Menurut Plato8, pendidikan jiwa, raga, estetika akan membuat siswa laki-laki akan semakin belajar lebih jantan , lebih perasa dan peka terhadap situasi, lebih berharmoni, dan lebih menyatunya satunya kata dan tindakan. Dalam kehidupan laki-laki, setiap bagian membutuhkan harmoni dan keteraturan. Karakter bukan buku pelajaran tetapi objek utama pendidikan bangsa Yunani-Atena

  1. APAKAH IDEALISME ITU ?

Kosa kata Idealism muncul karena teori-teori Plato membangun doktrin mengenai “ideas” atau gagasan-gagasan yang ideal dalam terminologi kepustakaan9 Idealism memandang realita sesungguhnya adalah mental dan spiritual10 sehingga realita bagaimanapun juga tergantung dan tidak bisa lepas dari pikiran manusia berdasar pengalamannya. Bahkan lebih ekstrim lagi, realita itu hanya ada dalam pikiran manusia. Tekanan lebih ke pusat peran ideal atau spiritual dalam interpretasi pengalaman dan realita itu ada secara esensial sebagai prinsip atau kesadaran11.

Pusat doktrin Plato12, dunia yang tampak dan kita rasakan dalam beberapa hal cacad dan berisi kesalahan, kecuali bentuk dan gagasan yang bersifat abadi, tidak brubah.
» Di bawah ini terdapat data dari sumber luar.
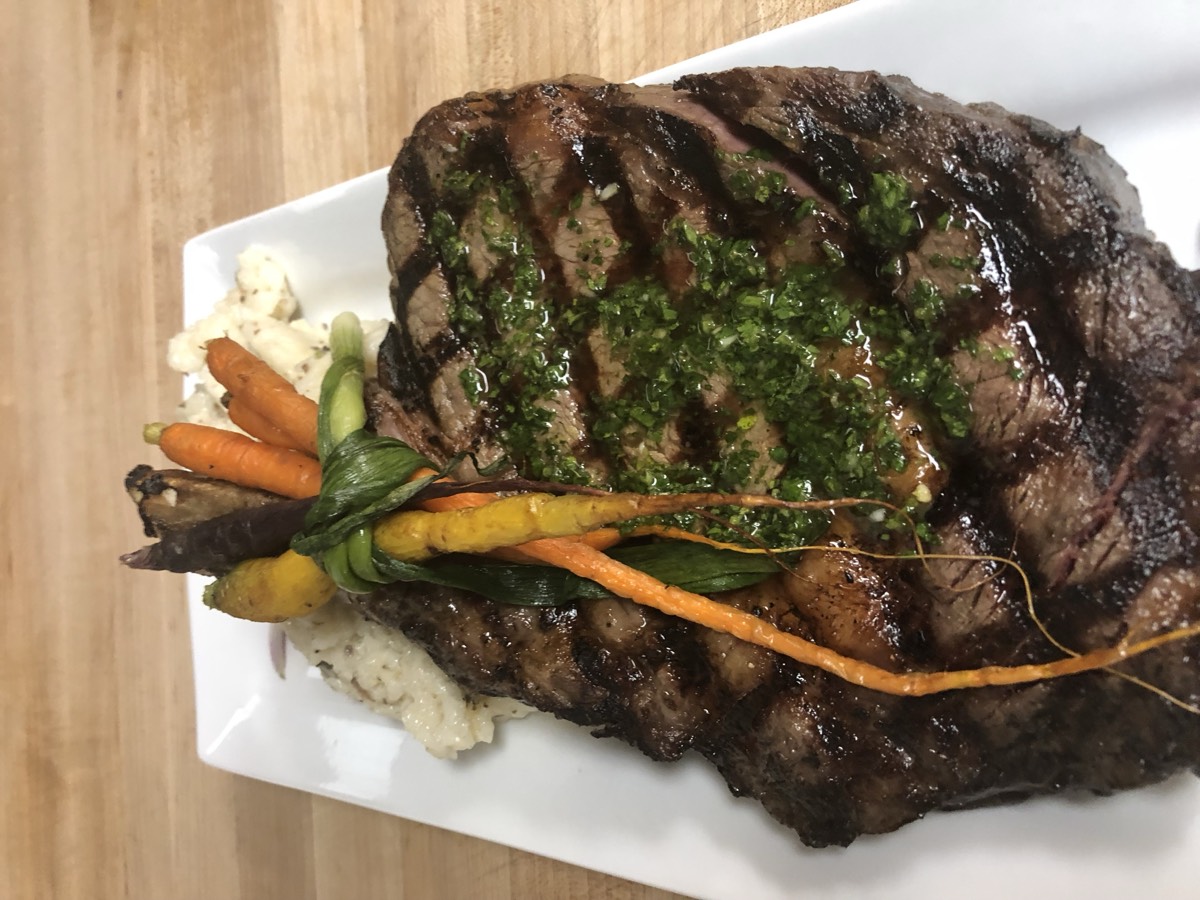 Ye Olde College Inn dish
Diantara obyek abstrak yang penting ini adalah kebaikan, keindahan, kebesaran, kesukaan, kesamaan. Dalam pemikiran filosofi, Idealism bertentangan dengan materialism13 dan juga berseberangan dengan Realism.

Namun, menurut Sharlow14, Idealisme pada dasarnya tidak menyangkal realitas “the observable world” Apa yang manusia lihat, sentuh, rasakan, dan dengar bukan tidak ada sama sekali dalam “the observable world”. Maka Sharlow membedakan,

  • Subjective Idealism.

        • Paling langsung menjelaskan Idealism dan paling terkenal dimana pandangan tehadap sebuah realita adalah sebuah konstruk dari isi pikiran yang mengamatinya.

    • Absolute Idealism.

          • Memandang eksistensi sebuah realita tergantung kepada realitas mental dibanding pada isi mental individu yang mengamatinya. Perbedaan dengan Subjective Idealism terletak pada gambaran pada pikiran mengenai realita yang dihadapi.
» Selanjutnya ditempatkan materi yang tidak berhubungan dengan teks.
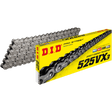 DID 525VX3 X 120 CHAIN (525VX3X120ZB) - DRIVEN Canada's Powersports 4525516392259525VX3X120ZB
        • Pluralistic Idealism

              • Ada beberapa pemiikiran individu yang secara bersama-sama mendukug sebuah eksistensi. Pluralistic idealism berbeda dari Absolute Idealism karena memandang realita adalah pikiran individu bukan abosul.

            • Dalam The Republic15, Plato percaya bahwa ada dua dunia. Pertama adalah dunia spiritual atau dunia mental yang bersifat abadi, permanen, berurutan, teratur, dan universal. Ke dua dunia penampakan yaitu dunia pengalaman melalui penglihatan, sentuhan, bau, rasa, dan suara yang sifatnya berubah, tidak sempurna, dan tidak teratur. Pembagian ini berdasar hakekat dualitas manusia, yaitu Jiwa dan Raga. Reaksi terhadap apa yang dirasakan segera oleh manusia lebih banyak berpusat pada pisik dan dunia sensori. Plato menguraikan masyarakat impian dimana pendidikan semua keindahan dan kesempurnaan terhadap jiwa dan raga yang mereka mampu sebagai sesuatu yang ideal.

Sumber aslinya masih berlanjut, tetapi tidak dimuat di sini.